Já o segundo ponto intrigante no momento de leitura é quando o autor abre o debate
sobre a desigualdade sexual e etária dentre os escravos, apontando que tal desequilíbrio tem
peso de participação por parte dos africanos:

“A simples comparação destes índices é suficiente para demonstrar terem sido os africanos os
principais responsáveis pelos desequilíbrios estruturais anteriormente indicados”

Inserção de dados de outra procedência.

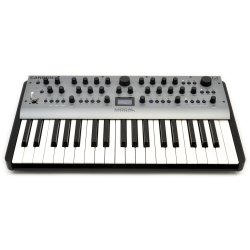 Modal Electronics Carbon8 Experimental Digital Synthesizer (8-stemmer, 37-tangenter)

Mesmo apresentando dados sobre a quantidade de homens nos plantéis serem


predominantes em relação as mulheres por exemplo, a afirmação fica ainda muito nebulosa
quanto ao entendimento, já que, diante de uma estrutura tão violenta, responsabilizar
inteiramente os africanos por serem os principais responsáveis por esse desequilíbrio não
parece tão simples.

Contudo, o livro é bastante representativo no que tange a questão que ele aborda,
sempre sendo fonte de pesquisa para estudos do tema. É um livro informativo, e que atinge o
objetivo do autor, que é singularizar um fluxo migratório que não cabe apenas ao termo
“compulsório”. Manolo questiona a visão reducionista de Wallerstein, além de conseguir
comprovar que o tráfico era controlado pelo capital mercantil carioca e conclui o livro
estabelecendo três ordens, que ao tratar sobre os traficantes se esta a frente à própria elite
empresarial da colônia levando em conta a adaptação da periferia frente as conjunturas
internacionais, impulsionando o traço da autonomia, e a importância do trafico, pois ele que
pautava as relações sociais básicas.

Manolo Florentino ainda ressalta como seria realizador se esse trabalho todo de
singularização, que veio do manejo de variados documentos, servisse de pelo menos oferecer
subsídios confiáveis a questão do tema, e ainda evidencia que ao que se refere sobre o tráfico
de escravos, o debate na historiografia sempre estará aberto, pois é algo a sempre ser
discutido.

Referencias:

ALGRANTI, Leila Mezan. Honradas e Devotas: Mulheres na colônia. São Paulo: USP, 1998.

DAVIS, Angela. Mulheres, Raça e Classe.

RIBEIRO, Djamilla. Cultura do estupro: o que a miscigenação tem a ver com isso?. Carta Capital,
2016.

BÔSCARO, A.P.D. Senhores de poucos escravos: análise de uma área periférica – Alto do Termo
da Borda do Campo/MG, século XIX. Temporalidades: Revista de História, 2015.